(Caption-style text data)
*** Block opens ***

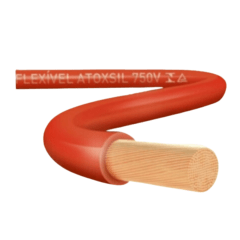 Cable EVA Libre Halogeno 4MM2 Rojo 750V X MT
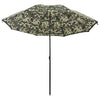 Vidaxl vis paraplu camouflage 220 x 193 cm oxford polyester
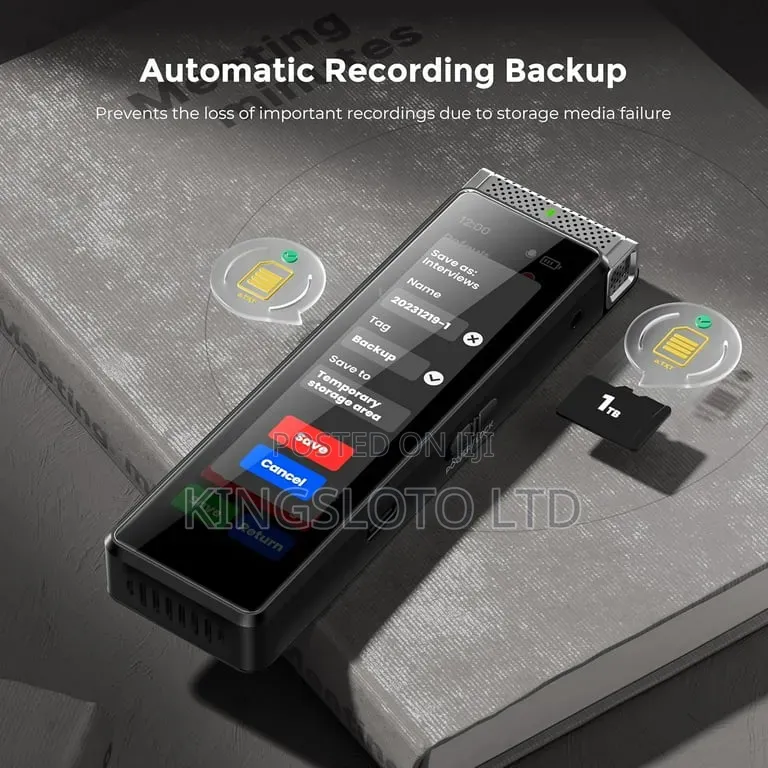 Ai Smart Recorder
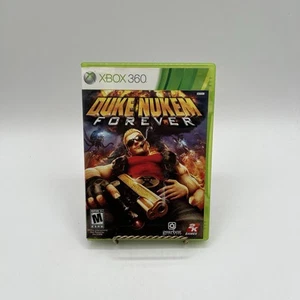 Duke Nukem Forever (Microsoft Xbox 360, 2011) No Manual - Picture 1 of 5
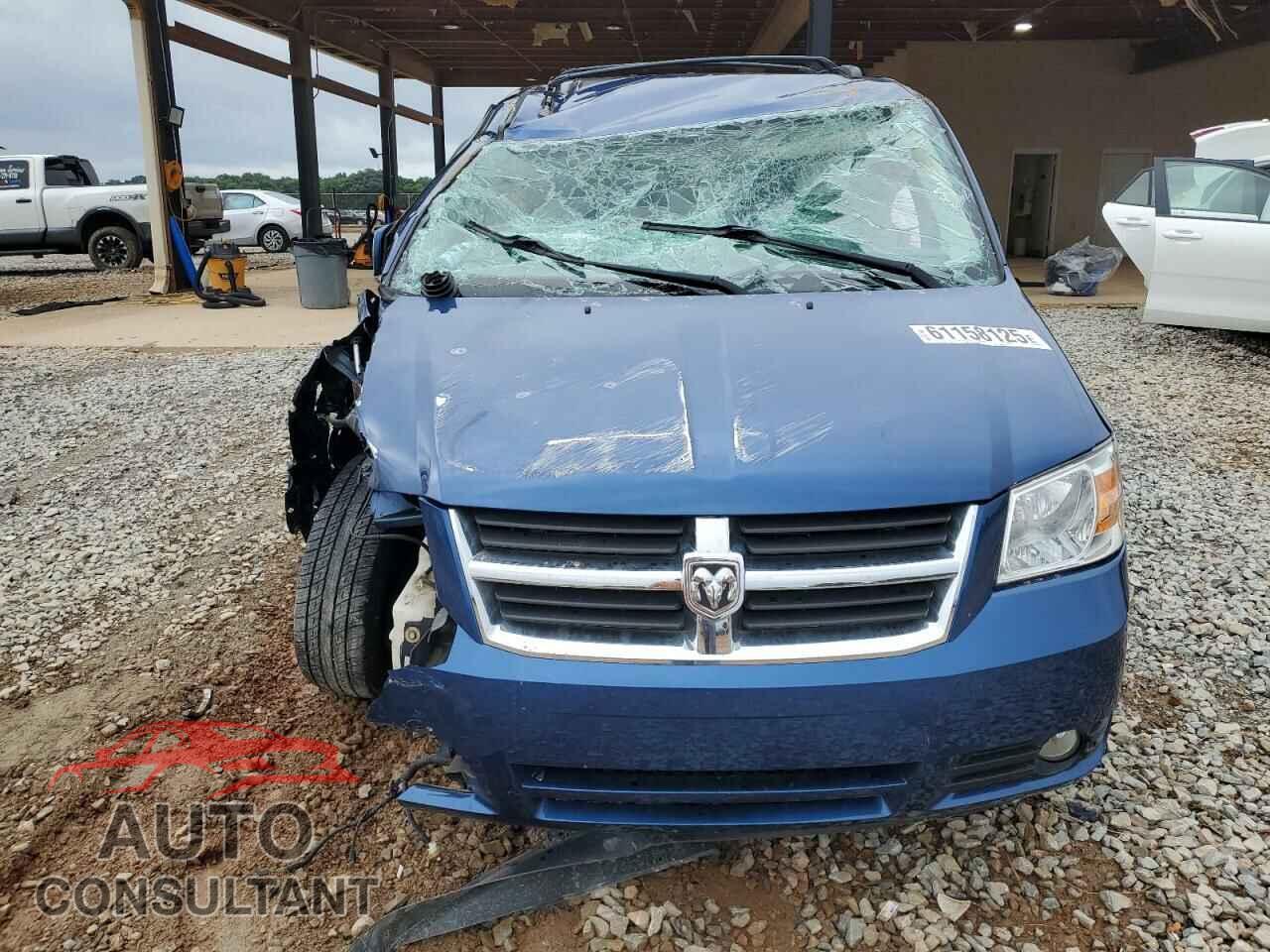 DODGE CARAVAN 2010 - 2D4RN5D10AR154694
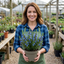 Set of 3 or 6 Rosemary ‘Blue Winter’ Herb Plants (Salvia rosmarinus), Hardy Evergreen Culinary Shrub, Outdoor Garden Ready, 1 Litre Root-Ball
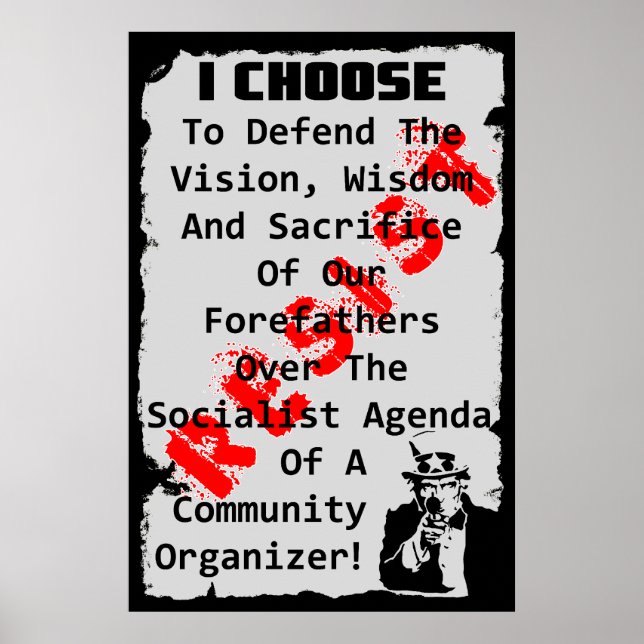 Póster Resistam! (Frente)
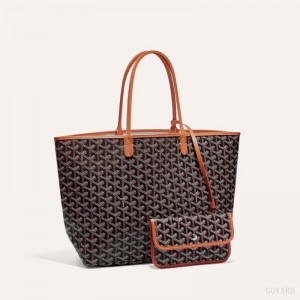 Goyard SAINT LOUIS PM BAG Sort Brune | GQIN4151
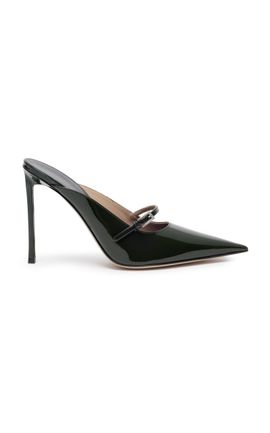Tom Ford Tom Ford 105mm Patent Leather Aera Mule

*** Block closes ***

Exercise - The lines from the one containing "Póster Resistam! (Frente)" through the last line of the records are what you should copy, word for word and nothing else, with pictures left out.

Problem solution -
 Póster Resistam! (Frente)
 Goyard SAINT LOUIS PM BAG Sort Brune | GQIN4151
Tom Ford Tom Ford 105mm Patent Leather Aera Mule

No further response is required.